Directions: The listing below holds a line with "The 2017 Ford" and a later line with "This is a 2013". Write out those two lines and every line between them, exactly, and nothing else.

Given data:

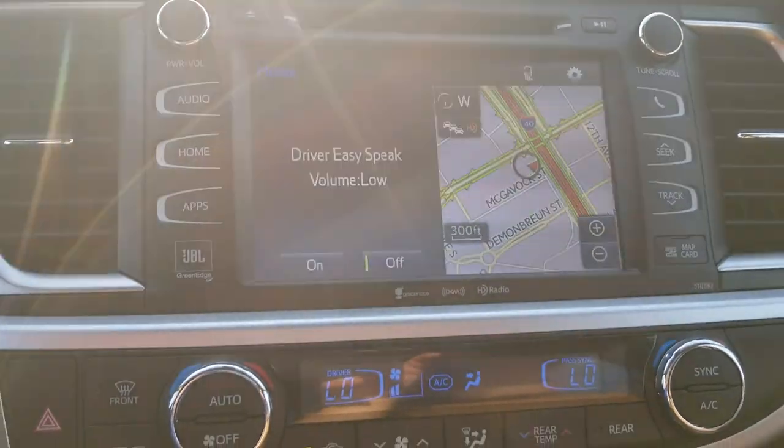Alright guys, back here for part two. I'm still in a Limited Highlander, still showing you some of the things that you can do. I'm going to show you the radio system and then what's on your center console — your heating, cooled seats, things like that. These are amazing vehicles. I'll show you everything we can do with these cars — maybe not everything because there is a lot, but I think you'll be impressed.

* * *

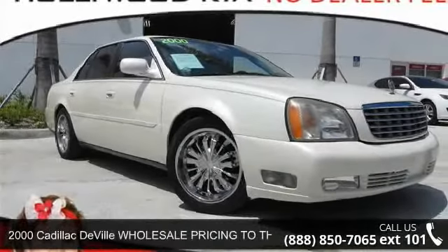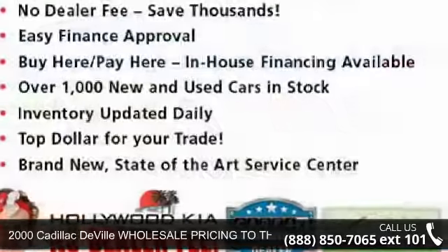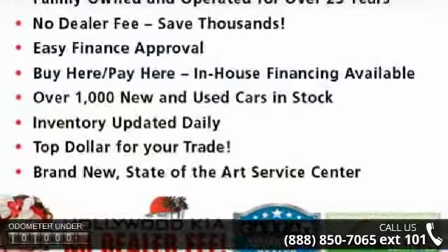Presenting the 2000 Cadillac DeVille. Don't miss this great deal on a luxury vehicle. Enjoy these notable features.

---

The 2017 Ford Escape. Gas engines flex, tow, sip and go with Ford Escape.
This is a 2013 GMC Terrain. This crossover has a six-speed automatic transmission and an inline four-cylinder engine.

Answer to the exercise:
The 2017 Ford Escape. Gas engines flex, tow, sip and go with Ford Escape.
This is a 2013 GMC Terrain. This crossover has a six-speed automatic transmission and an inline four-cylinder engine.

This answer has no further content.